▸ ACTIVITY
Only certain lines below are wanted: those starting at the line containing "Positive interracial men" and ending at the line containing "Luz nocturna de", both included, each retyped exactly.

▸ SOURCE DATA

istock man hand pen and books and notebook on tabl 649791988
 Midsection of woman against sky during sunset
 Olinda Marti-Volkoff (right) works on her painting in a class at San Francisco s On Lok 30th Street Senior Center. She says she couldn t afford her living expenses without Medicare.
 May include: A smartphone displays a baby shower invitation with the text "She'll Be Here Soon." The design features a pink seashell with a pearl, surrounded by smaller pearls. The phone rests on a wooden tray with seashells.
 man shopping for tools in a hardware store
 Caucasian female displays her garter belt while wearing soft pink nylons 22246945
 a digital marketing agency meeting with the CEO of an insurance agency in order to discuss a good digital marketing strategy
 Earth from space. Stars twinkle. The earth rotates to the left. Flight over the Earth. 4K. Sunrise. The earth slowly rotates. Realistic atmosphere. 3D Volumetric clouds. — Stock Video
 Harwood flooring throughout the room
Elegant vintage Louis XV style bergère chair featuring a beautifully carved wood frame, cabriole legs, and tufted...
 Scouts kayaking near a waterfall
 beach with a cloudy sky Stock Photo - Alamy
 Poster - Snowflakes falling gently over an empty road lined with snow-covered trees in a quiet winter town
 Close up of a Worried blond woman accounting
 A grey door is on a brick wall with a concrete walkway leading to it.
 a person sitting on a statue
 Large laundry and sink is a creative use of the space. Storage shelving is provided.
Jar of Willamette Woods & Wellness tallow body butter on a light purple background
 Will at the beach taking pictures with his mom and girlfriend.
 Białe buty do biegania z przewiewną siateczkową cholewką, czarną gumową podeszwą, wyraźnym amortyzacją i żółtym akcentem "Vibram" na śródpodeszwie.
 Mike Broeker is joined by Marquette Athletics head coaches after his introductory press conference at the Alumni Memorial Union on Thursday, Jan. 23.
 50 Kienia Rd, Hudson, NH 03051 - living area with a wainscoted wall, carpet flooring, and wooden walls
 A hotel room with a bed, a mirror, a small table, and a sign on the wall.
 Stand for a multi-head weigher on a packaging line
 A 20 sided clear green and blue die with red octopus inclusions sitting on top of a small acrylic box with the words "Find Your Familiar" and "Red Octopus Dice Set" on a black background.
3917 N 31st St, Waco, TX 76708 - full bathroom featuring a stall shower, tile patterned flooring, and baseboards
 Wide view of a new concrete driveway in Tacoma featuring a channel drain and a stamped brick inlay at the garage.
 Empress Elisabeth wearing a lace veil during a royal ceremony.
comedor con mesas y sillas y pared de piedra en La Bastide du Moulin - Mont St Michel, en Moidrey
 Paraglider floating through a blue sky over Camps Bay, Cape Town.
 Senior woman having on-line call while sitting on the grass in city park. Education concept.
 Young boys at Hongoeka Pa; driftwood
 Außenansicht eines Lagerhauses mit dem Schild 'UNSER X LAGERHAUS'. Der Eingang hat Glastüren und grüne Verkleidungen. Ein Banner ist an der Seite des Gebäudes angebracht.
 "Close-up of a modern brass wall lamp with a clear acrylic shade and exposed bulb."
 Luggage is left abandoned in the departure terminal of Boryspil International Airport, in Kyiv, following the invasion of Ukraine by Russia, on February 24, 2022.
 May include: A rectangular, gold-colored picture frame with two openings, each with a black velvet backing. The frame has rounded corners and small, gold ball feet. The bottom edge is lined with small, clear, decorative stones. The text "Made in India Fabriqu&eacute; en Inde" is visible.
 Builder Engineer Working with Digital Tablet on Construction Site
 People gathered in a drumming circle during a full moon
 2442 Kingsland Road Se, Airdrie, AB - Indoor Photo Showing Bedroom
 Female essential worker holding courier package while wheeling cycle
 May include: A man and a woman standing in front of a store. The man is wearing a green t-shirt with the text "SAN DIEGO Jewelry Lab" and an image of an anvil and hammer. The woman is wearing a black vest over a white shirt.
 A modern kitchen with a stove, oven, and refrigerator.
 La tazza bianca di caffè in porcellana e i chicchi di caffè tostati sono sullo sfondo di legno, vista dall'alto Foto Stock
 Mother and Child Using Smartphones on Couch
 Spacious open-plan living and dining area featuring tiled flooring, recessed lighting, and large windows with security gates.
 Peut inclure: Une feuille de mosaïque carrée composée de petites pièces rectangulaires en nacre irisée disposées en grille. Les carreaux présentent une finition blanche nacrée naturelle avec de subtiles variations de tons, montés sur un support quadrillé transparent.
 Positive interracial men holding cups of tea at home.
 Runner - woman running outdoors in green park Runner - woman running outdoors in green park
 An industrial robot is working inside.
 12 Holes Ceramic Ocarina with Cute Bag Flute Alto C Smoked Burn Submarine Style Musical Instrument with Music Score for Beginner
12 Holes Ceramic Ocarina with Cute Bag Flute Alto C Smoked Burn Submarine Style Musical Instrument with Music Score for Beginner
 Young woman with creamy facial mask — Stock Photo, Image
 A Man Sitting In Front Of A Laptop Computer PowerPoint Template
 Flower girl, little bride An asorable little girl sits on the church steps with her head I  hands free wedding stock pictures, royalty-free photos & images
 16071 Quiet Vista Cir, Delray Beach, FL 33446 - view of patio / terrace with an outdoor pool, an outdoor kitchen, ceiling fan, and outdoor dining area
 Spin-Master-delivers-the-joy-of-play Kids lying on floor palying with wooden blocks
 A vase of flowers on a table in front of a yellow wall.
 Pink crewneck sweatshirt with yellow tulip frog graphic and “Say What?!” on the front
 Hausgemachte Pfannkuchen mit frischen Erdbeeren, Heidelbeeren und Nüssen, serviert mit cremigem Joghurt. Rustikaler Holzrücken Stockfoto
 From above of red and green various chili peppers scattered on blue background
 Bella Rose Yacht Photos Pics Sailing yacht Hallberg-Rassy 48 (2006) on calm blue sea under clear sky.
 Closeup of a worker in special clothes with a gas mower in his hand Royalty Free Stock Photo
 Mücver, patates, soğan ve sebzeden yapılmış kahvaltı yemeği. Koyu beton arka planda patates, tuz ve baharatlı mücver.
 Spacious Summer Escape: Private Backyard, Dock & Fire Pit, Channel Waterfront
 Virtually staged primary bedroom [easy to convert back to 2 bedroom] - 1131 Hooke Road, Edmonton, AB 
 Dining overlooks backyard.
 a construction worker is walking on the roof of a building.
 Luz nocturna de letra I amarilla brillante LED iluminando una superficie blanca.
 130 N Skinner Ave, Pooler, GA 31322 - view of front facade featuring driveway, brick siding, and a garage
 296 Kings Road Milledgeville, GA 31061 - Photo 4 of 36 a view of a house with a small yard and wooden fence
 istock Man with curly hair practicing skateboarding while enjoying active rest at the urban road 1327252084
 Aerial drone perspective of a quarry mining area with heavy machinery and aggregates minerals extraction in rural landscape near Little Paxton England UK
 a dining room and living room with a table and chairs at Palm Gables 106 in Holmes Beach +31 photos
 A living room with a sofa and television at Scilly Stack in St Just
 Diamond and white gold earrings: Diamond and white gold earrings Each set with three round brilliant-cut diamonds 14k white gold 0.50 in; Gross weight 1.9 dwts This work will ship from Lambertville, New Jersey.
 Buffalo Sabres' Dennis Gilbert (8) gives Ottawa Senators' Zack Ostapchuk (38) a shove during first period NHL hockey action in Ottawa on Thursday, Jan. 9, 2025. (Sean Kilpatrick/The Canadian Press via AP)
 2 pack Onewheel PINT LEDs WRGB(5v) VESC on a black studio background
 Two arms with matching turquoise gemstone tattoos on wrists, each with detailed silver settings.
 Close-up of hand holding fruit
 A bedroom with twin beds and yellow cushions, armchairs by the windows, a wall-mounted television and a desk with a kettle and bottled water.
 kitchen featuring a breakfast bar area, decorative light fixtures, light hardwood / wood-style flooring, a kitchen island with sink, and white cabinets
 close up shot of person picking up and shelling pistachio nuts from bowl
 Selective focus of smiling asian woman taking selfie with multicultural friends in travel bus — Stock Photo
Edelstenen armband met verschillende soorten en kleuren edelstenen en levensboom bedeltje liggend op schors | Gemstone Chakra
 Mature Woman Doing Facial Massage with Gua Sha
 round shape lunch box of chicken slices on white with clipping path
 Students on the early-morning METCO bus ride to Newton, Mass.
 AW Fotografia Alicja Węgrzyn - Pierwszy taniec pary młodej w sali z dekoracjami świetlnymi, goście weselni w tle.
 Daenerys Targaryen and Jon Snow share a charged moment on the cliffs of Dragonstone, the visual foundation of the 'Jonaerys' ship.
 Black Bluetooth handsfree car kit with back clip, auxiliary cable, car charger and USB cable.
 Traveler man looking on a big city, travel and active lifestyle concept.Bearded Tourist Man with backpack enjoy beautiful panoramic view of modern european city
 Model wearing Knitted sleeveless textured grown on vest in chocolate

▸ WORKED SOLUTION
 Positive interracial men holding cups of tea at home.
 Runner - woman running outdoors in green park Runner - woman running outdoors in green park
 An industrial robot is working inside.
 12 Holes Ceramic Ocarina with Cute Bag Flute Alto C Smoked Burn Submarine Style Musical Instrument with Music Score for Beginner
12 Holes Ceramic Ocarina with Cute Bag Flute Alto C Smoked Burn Submarine Style Musical Instrument with Music Score for Beginner
 Young woman with creamy facial mask — Stock Photo, Image
 A Man Sitting In Front Of A Laptop Computer PowerPoint Template
 Flower girl, little bride An asorable little girl sits on the church steps with her head I  hands free wedding stock pictures, royalty-free photos & images
 16071 Quiet Vista Cir, Delray Beach, FL 33446 - view of patio / terrace with an outdoor pool, an outdoor kitchen, ceiling fan, and outdoor dining area
 Spin-Master-delivers-the-joy-of-play Kids lying on floor palying with wooden blocks
 A vase of flowers on a table in front of a yellow wall.
 Pink crewneck sweatshirt with yellow tulip frog graphic and “Say What?!” on the front
 Hausgemachte Pfannkuchen mit frischen Erdbeeren, Heidelbeeren und Nüssen, serviert mit cremigem Joghurt. Rustikaler Holzrücken Stockfoto
 From above of red and green various chili peppers scattered on blue background
 Bella Rose Yacht Photos Pics Sailing yacht Hallberg-Rassy 48 (2006) on calm blue sea under clear sky.
 Closeup of a worker in special clothes with a gas mower in his hand Royalty Free Stock Photo
 Mücver, patates, soğan ve sebzeden yapılmış kahvaltı yemeği. Koyu beton arka planda patates, tuz ve baharatlı mücver.
 Spacious Summer Escape: Private Backyard, Dock & Fire Pit, Channel Waterfront
 Virtually staged primary bedroom [easy to convert back to 2 bedroom] - 1131 Hooke Road, Edmonton, AB 
 Dining overlooks backyard.
 a construction worker is walking on the roof of a building.
 Luz nocturna de letra I amarilla brillante LED iluminando una superficie blanca.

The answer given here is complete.